Lors de son intronisation, le Roi avait décidé de ne pas accorder de grâce collective. La position du souverain concernant les grâces individuelles n'était cependant pas encore claire, d'après Royalty. Le principe des grâces royales est un point sensible qui suscite le débat entre les politiques du pays. Une grâce peut par exemple être accordée à une personne condamnée à une suspension de permis à vie qui aurait complètement changé d'approche avec le temps, explique l'avocat Walter Damen.

La grâce royale ne concerne pas la condamnation mais uniquement la peine, précise-t-il. Le nombre de grâces est en baisse constante depuis quelques années, selon Royalty. Albert II en avait accordé 70 en 2011, et 53 en 2012. Philippe en a, quant à lui, accordé 11 depuis le 21 juillet dernier.

Mauvais procès contre le roi Philippe

Pour Theo Francken (N-VA) et Guido De Padt (Open VLD), ces grâces sont "une pratique désuète". Ils avaient d'ailleurs proposé la suppression du système.

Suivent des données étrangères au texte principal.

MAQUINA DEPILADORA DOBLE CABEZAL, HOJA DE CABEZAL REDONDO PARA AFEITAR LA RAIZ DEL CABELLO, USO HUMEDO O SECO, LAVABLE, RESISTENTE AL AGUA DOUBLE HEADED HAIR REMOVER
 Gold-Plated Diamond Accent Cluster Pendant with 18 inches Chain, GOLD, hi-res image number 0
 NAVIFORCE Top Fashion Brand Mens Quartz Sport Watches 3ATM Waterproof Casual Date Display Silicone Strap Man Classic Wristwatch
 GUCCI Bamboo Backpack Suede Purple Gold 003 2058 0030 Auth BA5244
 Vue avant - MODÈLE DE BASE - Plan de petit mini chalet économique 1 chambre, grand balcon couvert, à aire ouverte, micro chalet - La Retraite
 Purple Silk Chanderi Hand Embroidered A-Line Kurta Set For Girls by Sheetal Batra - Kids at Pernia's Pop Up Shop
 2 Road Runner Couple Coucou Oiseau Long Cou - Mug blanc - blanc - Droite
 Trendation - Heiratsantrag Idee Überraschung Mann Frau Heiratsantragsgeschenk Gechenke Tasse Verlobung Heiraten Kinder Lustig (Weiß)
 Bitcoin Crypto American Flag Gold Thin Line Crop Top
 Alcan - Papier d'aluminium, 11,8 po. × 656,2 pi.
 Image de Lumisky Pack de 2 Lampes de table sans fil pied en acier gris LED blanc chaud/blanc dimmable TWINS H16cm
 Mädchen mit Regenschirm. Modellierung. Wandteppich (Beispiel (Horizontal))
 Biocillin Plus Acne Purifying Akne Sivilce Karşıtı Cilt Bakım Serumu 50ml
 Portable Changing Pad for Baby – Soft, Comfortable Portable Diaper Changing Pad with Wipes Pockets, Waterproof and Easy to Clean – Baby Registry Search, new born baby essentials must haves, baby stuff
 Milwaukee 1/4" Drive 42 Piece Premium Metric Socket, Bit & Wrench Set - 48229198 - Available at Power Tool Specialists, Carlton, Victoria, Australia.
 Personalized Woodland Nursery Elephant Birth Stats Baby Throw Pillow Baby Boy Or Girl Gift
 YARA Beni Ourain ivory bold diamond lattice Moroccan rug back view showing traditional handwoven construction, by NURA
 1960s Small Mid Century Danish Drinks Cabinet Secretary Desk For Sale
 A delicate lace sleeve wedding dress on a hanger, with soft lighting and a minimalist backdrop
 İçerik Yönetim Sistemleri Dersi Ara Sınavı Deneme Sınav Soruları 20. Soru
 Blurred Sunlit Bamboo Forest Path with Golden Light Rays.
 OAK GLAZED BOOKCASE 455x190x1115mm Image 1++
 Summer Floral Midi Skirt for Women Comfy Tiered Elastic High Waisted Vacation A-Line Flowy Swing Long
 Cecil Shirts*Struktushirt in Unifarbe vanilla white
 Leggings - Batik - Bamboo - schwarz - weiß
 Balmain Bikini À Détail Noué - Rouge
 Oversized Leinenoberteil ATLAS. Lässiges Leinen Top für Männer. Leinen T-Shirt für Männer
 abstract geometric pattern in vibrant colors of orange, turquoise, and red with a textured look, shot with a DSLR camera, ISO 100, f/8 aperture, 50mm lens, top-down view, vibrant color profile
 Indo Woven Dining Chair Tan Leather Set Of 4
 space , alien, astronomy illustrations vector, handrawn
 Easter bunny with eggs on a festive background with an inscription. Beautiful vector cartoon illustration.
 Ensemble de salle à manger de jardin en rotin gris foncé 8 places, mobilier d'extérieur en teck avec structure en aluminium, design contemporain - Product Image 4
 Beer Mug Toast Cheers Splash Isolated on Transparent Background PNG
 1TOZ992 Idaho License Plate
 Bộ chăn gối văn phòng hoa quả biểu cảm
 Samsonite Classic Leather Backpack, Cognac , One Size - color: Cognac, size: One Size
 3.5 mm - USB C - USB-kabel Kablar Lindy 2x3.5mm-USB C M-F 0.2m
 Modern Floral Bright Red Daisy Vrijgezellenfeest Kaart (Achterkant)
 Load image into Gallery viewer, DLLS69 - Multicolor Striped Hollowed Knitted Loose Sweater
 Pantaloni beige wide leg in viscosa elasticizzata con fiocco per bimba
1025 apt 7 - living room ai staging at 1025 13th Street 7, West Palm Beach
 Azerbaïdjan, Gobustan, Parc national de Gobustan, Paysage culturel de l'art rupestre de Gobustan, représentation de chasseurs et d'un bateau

Francken s'étonne au passage de ce geste posé par le roi. "Nous pensions qu'il allait arrêter [de le faire]", a-t-il déclaré.

La vice-Première ministre Laurette Onkelinx, ex-ministre de la Justice, juge pour sa part que le procès fait au roi est "un mauvais procès". Elle n'est favorable à la suppression du mécanisme des grâces que si l'on prévoit un autre système pour désengorger les prisons, a-t-elle dit ce lundi matin sur les ondes de "la Première" (RTBF). "Le Roi n'y est pour rien [dans les onze grâces royales qui ont été accordées, NDLR] C'est le système habituel de grâces individuelles accordées sur proposition de la ministre de la Justice (Open VLD) qui elle-même s'appuie sur l'accord du procureur du Roi, du Parquet Général et du directeur de prison", a commenté Mme Onkelinx.

La vice-Première ministre a souligné qu'avant d'accorder une grâce sur la peine, on examinait toujours comment un condamné se comportait.  Pour elle, il y aura toujours un système qui permet de libérer des places dans les prisons.

En résumé, un membre de l'Open VLD fustige les grâces royales proposées par la ministre "Open VLD" de la Justice, Annemie Turtelboom.